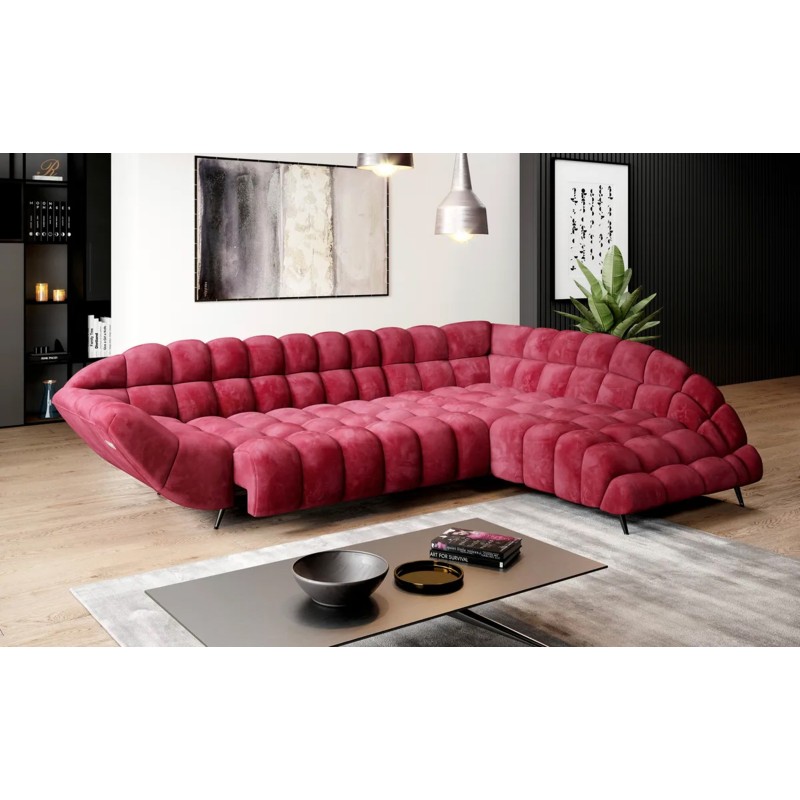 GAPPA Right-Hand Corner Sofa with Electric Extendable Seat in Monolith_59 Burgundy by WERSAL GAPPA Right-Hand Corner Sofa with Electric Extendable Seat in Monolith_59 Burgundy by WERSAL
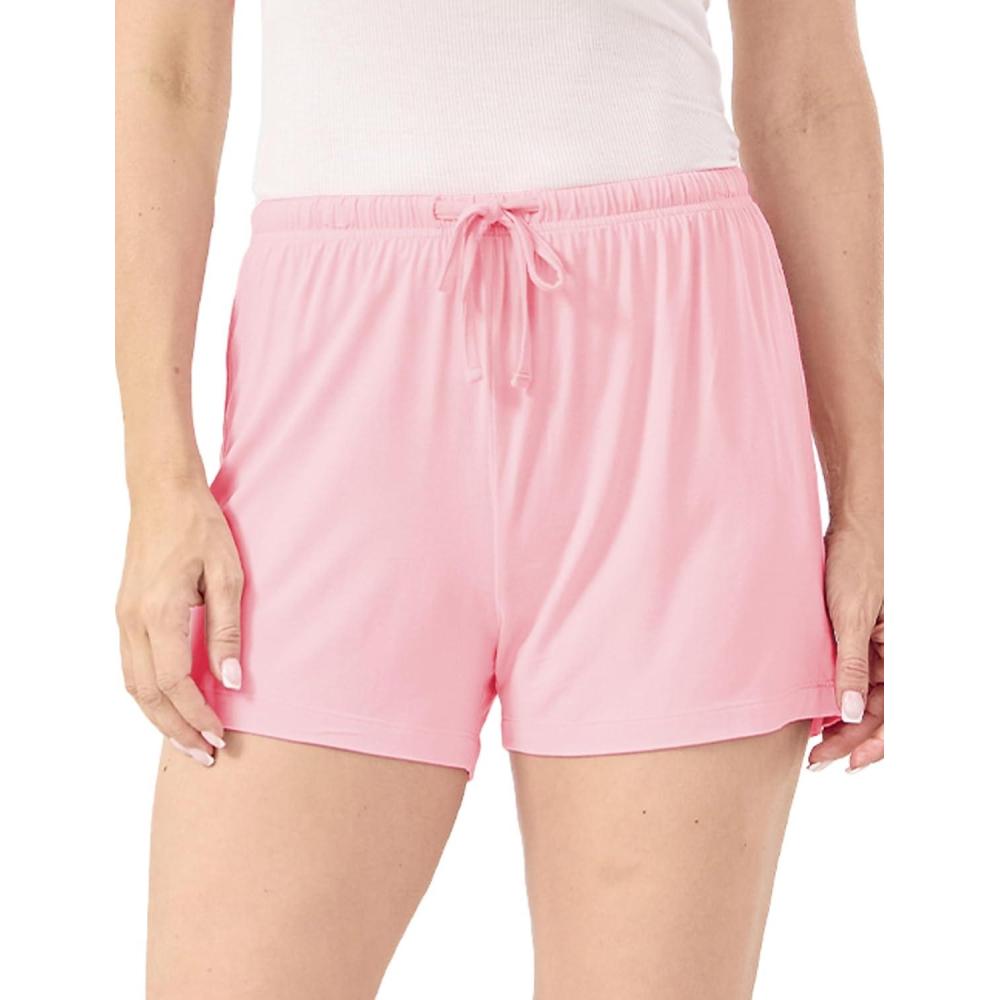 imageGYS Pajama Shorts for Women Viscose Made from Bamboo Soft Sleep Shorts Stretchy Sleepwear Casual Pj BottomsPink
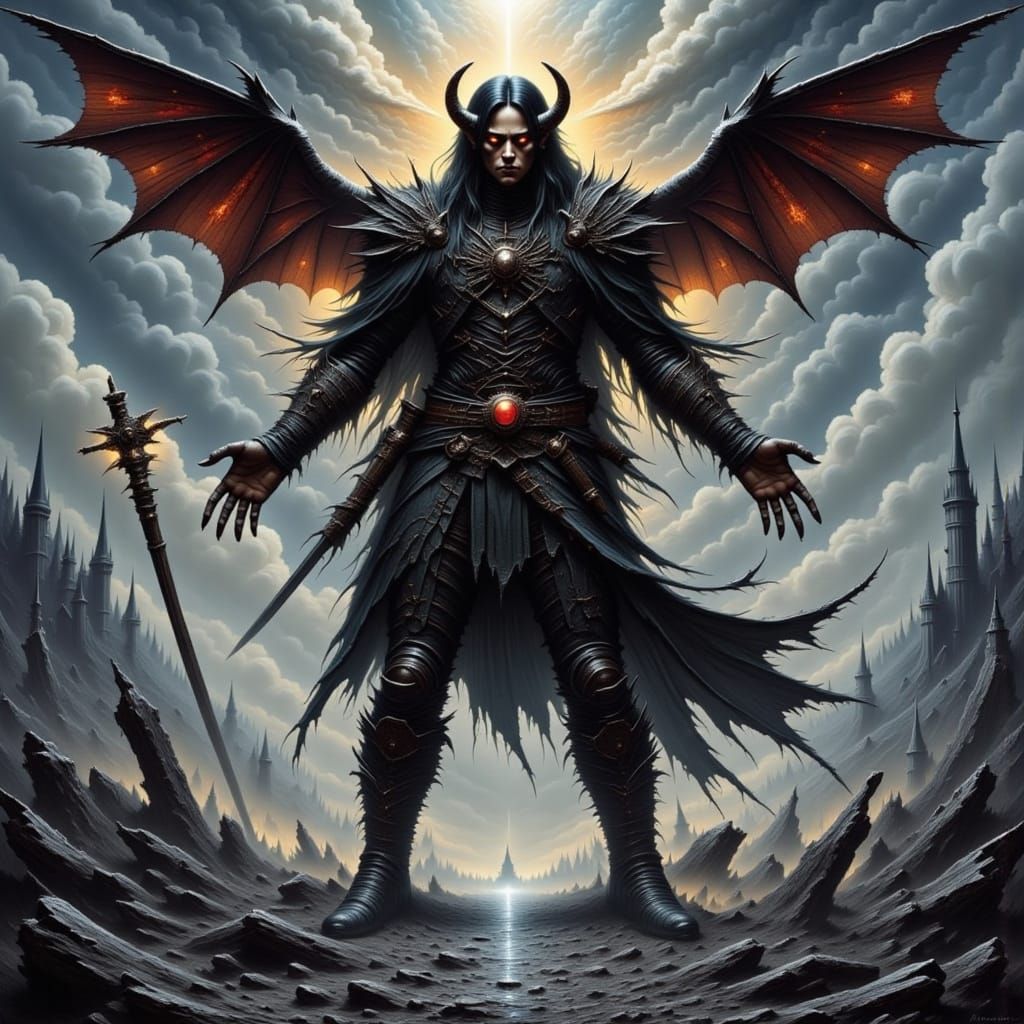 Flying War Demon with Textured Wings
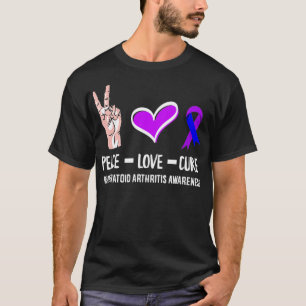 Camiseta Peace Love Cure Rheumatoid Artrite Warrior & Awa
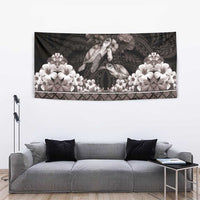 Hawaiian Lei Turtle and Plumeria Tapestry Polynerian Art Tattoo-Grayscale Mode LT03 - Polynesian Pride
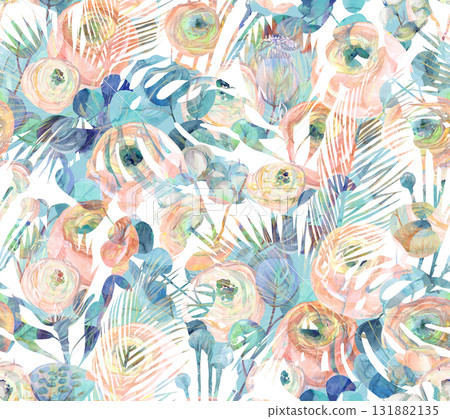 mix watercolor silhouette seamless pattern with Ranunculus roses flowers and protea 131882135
...
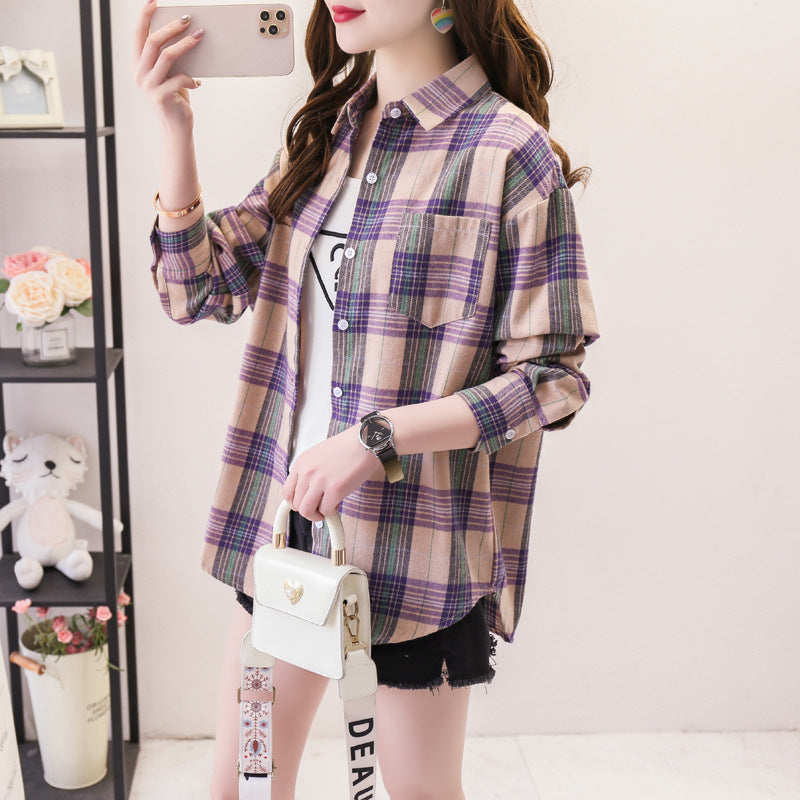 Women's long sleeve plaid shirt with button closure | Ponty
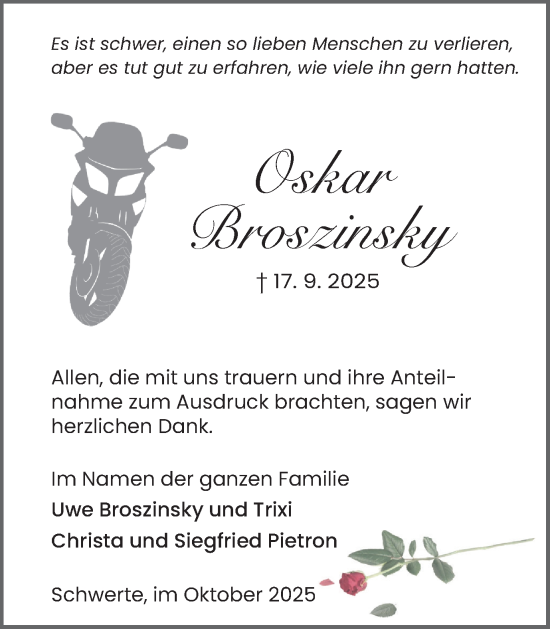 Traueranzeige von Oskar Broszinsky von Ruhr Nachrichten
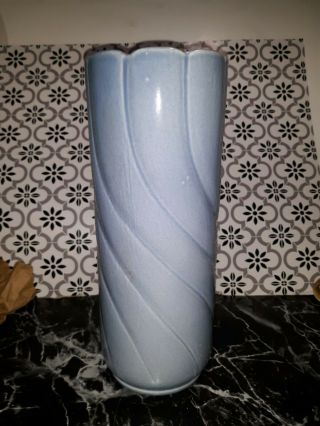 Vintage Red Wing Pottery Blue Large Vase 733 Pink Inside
--
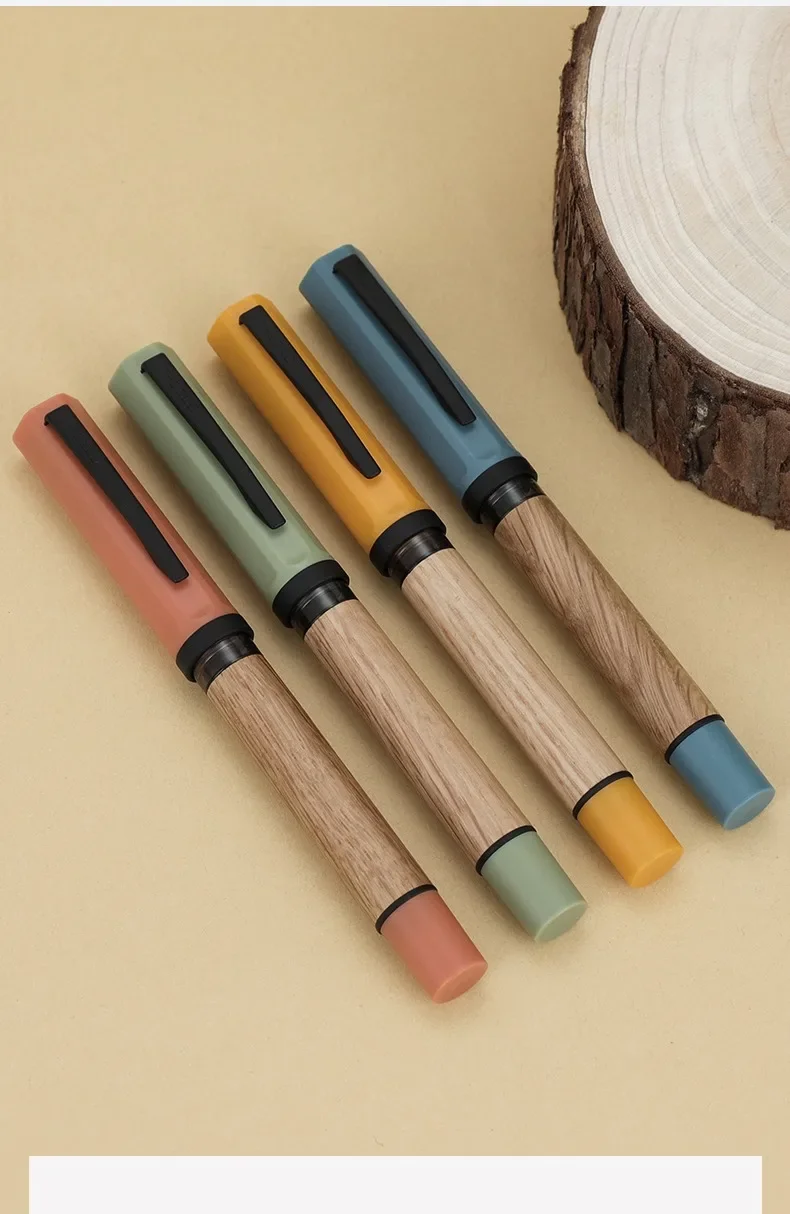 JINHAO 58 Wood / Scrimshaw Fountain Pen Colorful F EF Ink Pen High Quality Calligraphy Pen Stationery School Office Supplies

## The problem
Only the lines above from the one with "imageGYS Pajama Shorts" to the one with "mix watercolor silhouette" should be printed, both included and exactly as written; no picture belongs in the copy.

## Output for this task
 imageGYS Pajama Shorts for Women Viscose Made from Bamboo Soft Sleep Shorts Stretchy Sleepwear Casual Pj BottomsPink
 Flying War Demon with Textured Wings
 Camiseta Peace Love Cure Rheumatoid Artrite Warrior & Awa
 Hawaiian Lei Turtle and Plumeria Tapestry Polynerian Art Tattoo-Grayscale Mode LT03 - Polynesian Pride
 mix watercolor silhouette seamless pattern with Ranunculus roses flowers and protea 131882135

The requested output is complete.